Надев очки в стальной оправе, Арон принялся изучать фотографии, заключенные в рамки. Все они были сняты где-то в Альпах, удивительно красивом месте, на родине эдельвейсов. Люди на карточках выглядели счастливыми и беззаботными, их лица светились радостью жизни. Некоторых из них было нетрудно узнать. Вот Сэм Дивероу в несколько более юном возрасте. А рядом – высокая воинственная фигура маньяка-генерала, безумца Маккензи Хаукинза. В роскошной сладострастной женщине с пепельными волосами и в шортах и лифчике безошибочно угадывалась Энни Милосердная.
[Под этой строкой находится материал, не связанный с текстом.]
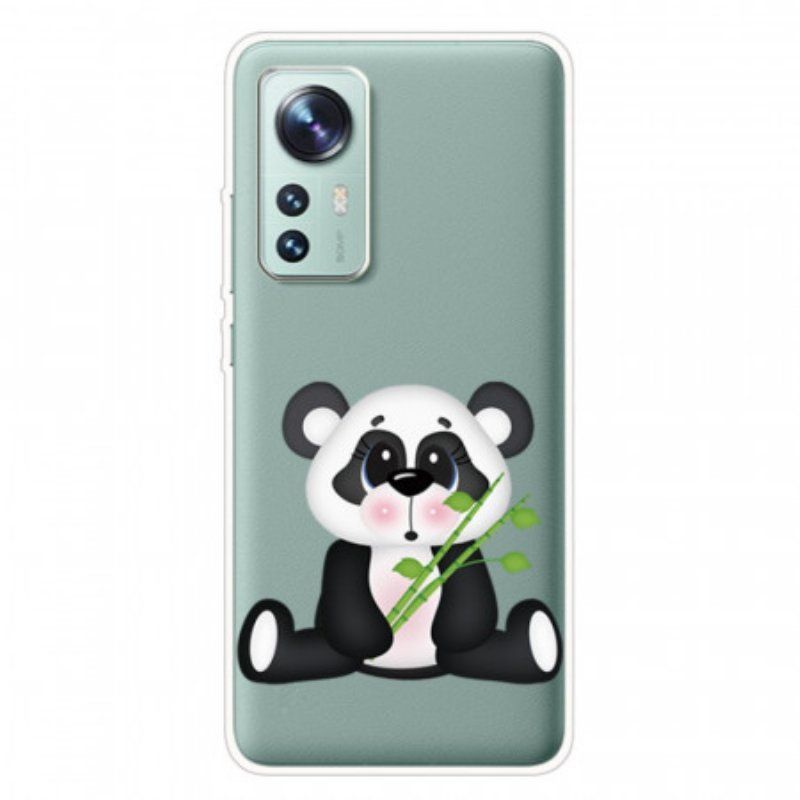 Etui do Xiaomi 12 Pro Urocza Panda Silikonowa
Был там и еще один человек, четвертый, – веселый, плотного сложения малый в коротком поварском переднике, едва прикрывавшем кожаные штаны. Кто же он? Его лицо казалось Арону знакомым… Впрочем, нет-нет. Не может того быть!
– Бог Авраама отступился от нас! – прошептал Арон Пинкус с дрожью в голосе.
– Ради всего святого, скажите, о чем это вы? – спросила Элинор Дивероу.
– Вероятно, вы этого не помните, поскольку подобные вещи мало что значили для вас, – отозвался взволнованно Арон. – Несколько лет назад в Ватикане разразился скандал из-за каких-то финансовых нарушений. Деньги из церковной казны полились не на божеские дела, а на поддержку третьесортных оперных трупп, проведение карнавалов, создание чуть ли не по всей Европе приютов для проституток и тому подобные безрассудства. Люди тогда поговаривали, что папа рехнулся: он, мол, попросту сошел с ума. Но позже, когда Вечный город был уже на краю бездны, что вызвало бы панику на рынке капитала, все вдруг вернулось на круги своя. Папа, снова став самим собой, взял бразды правления в свои руки. И тогда средства массовой информации принялись трубить, что там, дескать, было двое: один – сумасшедший, другой же – тот самый прекрасный добрый человек, которого все знали и любили.
– Дорогой мой мистер Пинкус, я так ничего и не поняла.
– Да вот же, посмотрите! Взгляните только! – вскричал Арон, указывая на улыбающееся мясистое лицо на одной из фотографий. – Это же он!
– Кто?
– Да папа! папа римский!.. Теперь ясно, откуда взялись деньги: выкуп! Пресса оказалась права: их было двое! Генерал Хаукинз и ваш сын похитили папу!.. Элинор!.. Да где же вы?
Арон повернулся к ней. Почтенная леди лежала на полу без чувств.
Глава 4
– Абсолютно безупречных людей не существует, – изрек спокойно Манджекавалло, обращаясь к двоим мужчинам в темных костюмах, сидевшим за столом напротив него в тускло освещенной кухне директора ЦРУ в Маклине, штат Вирджиния. В голосе его сквозило недоверие. – Это же противоестественно! Понимаете, что я имею в виду? Может, вы плохо искали, Лапа?